Last year, my history teacher gave us a project at the end of the school year. Called the “Me” Project, it actually had nothing to do with history. We were supposed to make a scrapbook with pages that related to lessons he taught.

One of the lessons my teacher taught us was the importance of leaving a legacy. He told us a story about a skier named C. R. Johnson. Basically, C. R. Johnson was really good at skiing, but then one day he got injured. After waking from his coma, he had to relearn how to walk, talk, eat, and all those actions we all go through in everyday life. After intense therapy, he was able to make a remarkable comeback, eventually skiing competitively again. He also started a foundation for injured professional athletes called, well, the C. R. Johnson Foundation. Not long after he got back to skiing, he died because he hit his head again. So, my teacher told us, it is important to leave a legacy, because then people will remember you after you even after death.
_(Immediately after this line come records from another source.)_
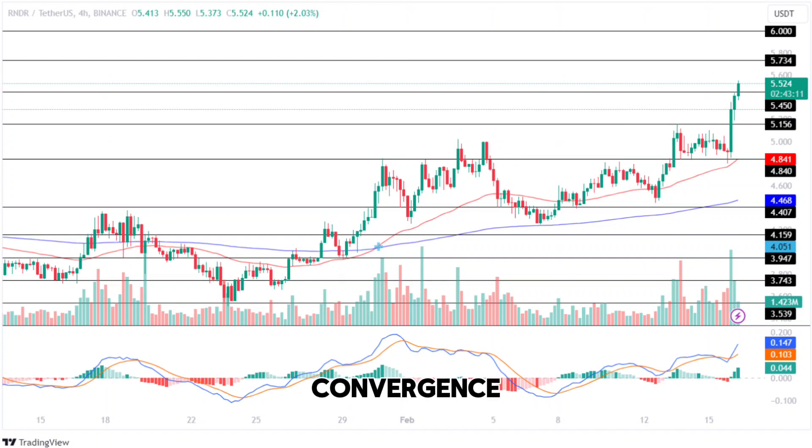The Moving Average Convergence Divergence (MACD) displays a constant rise in the histogram, indicating an increase in buying pressure within the market. Further, the averages show a sharp rise, suggesting the price will continue gaining value in the coming time.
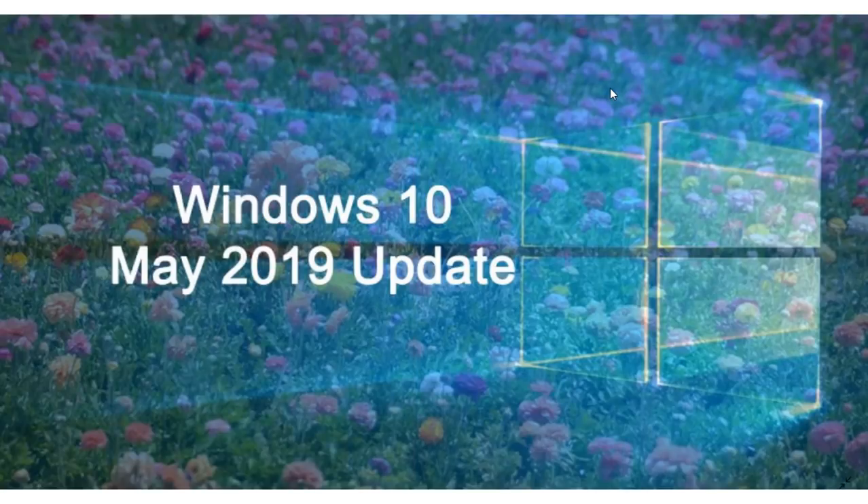Welcome to the Windows and Computer channel. This is, of course, a weekly update on the latest version of Windows 10, that is the May 2019 update.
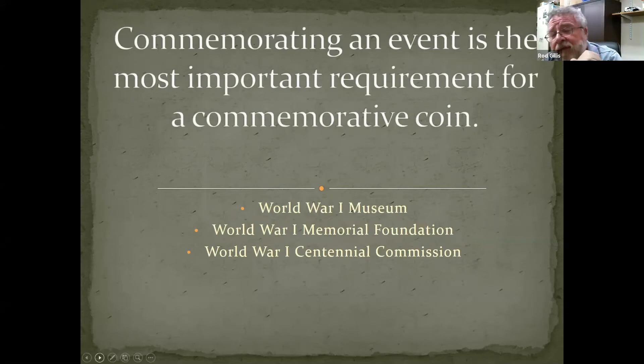Believe it or not, the most important job in getting a commemorative coin made is determining where the money is going to go. I found that out the hard way — it was something I had no consideration for initially. With modern commemoratives, money is put aside from each individual coin, and for an organization to get that money, they first have to match that perceived amount from private sources. Then once they have that matching money, they are able to receive the proceeds from the sale of the coins.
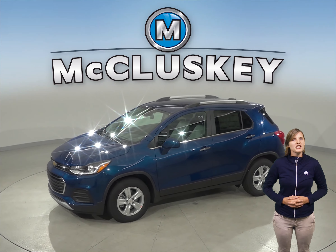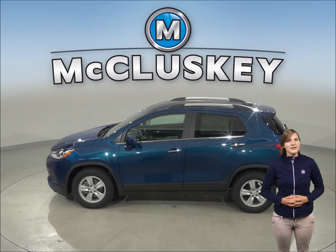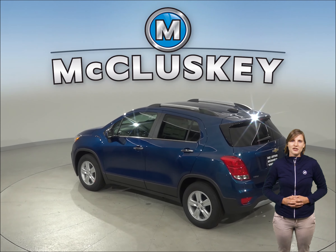Coming from 60 to 0 mph, the Chevrolet Trax stops at 113 feet, while the 2019 Hyundai Tucson stops at 128 feet. The Chevrolet Trax may be more efficient, handle and accelerate better because it weighs about 400 to 500 pounds less than the Hyundai Tucson.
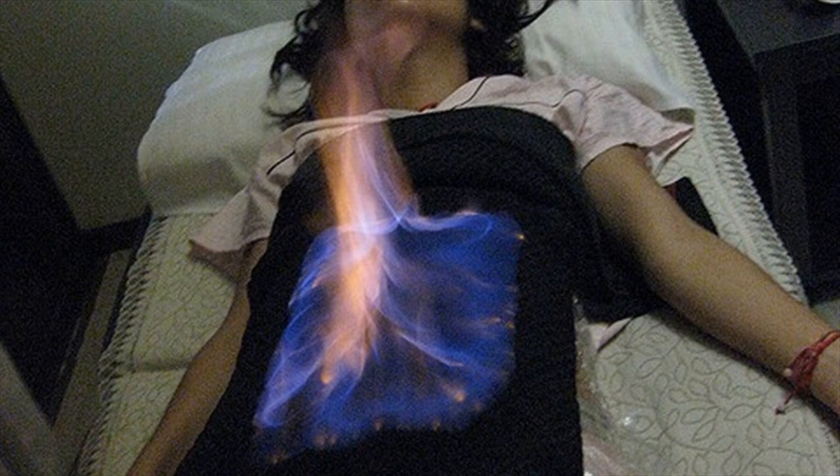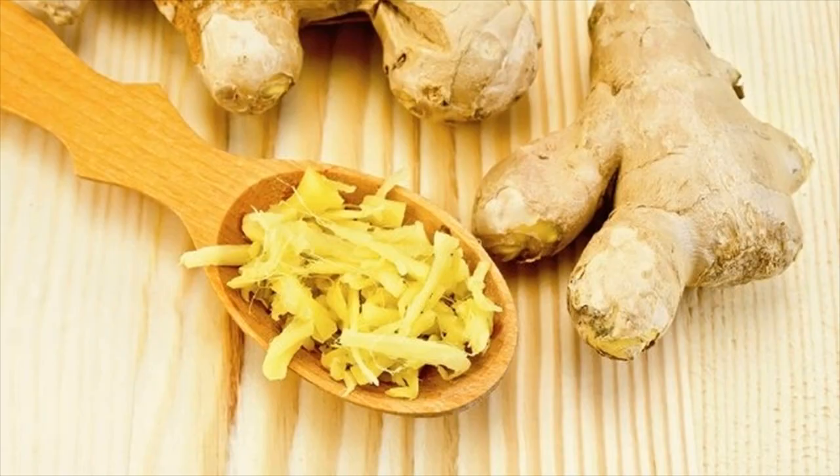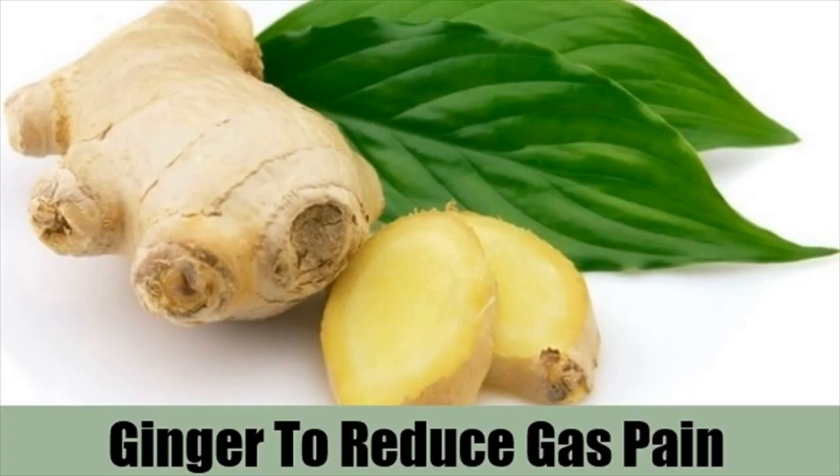You can choose from various options for using ginger to combat gas. Combine equal amounts of ground ginger, fennel, and cardamom, and mix them thoroughly. Add 1 teaspoon of this mixture and a pinch of asafoetida to a cup of water and drink this once or twice a day. You can also consume a little ginger juice mixed with a pinch of asafoetida.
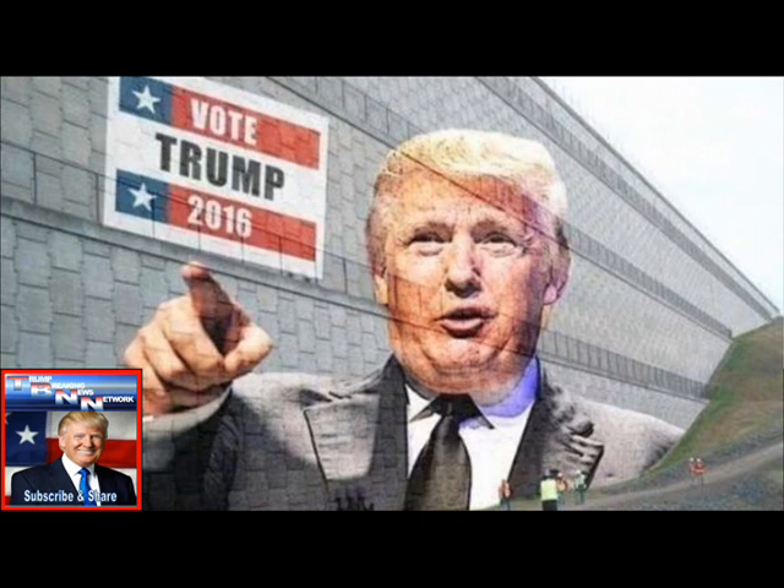DHS Report: Trump Wall to Cost $22 Billion, Take 3.5 Years to Build. By Tyler Durden.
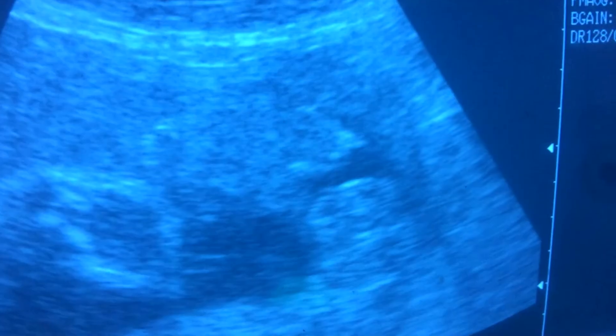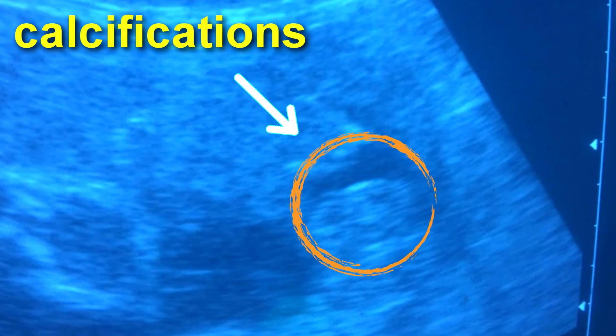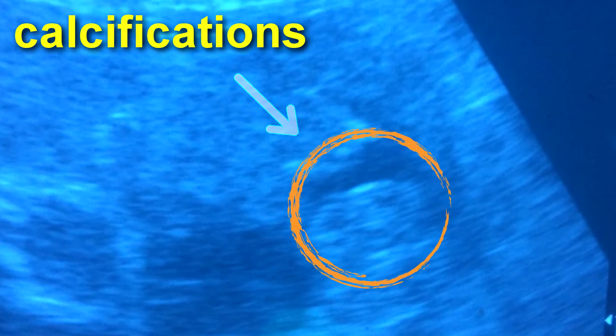Today we are going to talk about the calcification of the placenta. It is a very common occurrence that occurs in some pregnancies. Usually this happens in the third trimester of pregnancy, which is identified at the moment that an ultrasound is performed. Some doctors may comment that the placenta is calcified, which could be a very scary occurrence to the patient.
Something about the message bothered me though. I tried talking to A. about it but I still couldn’t figure out what it was.  So I did some random thing for that page and turned in the project. Sophomore year ended quickly after that.

Summer, I started rereading John Green’s the Fault in Our Stars. Bam, there it was: “Hazel knows the truth: We’re as likely to hurt the universe as we are to help it, and we are not likely to do either. People will say it’s sad that she leaves a lesser scar, that fewer remember her, that she was loved deeply but not widely.” Well, John Green, I must say I wholeheartedly agree with you on this point.

The people starting foundations that do things for the common good are probably actually interested in their cause. They are also probably already rich and famous. I think in a way, starting a foundation for something is a shortcut, a cheat. Because the people the foundations are named after usually don’t do anything. (Okay maybe I’m overgeneralizing a little.) But I think the people who really deserve to be remembered and thanked are the individual people who actually reach out. Not the virtual I’ll-give-money-from-afar-kind of reach out, the real I’m-physically-here-and-I’ll-help. Money is important, but it’s not what helps people directly.

[I apologize for bad writing, but I’ve been wanting to say this for too long.]

I don’t need the whole world, or even a substantial part of it, to remember me when I die. I just want the people who knew me to remember me as someone who tried to make a little bit of the world a little better.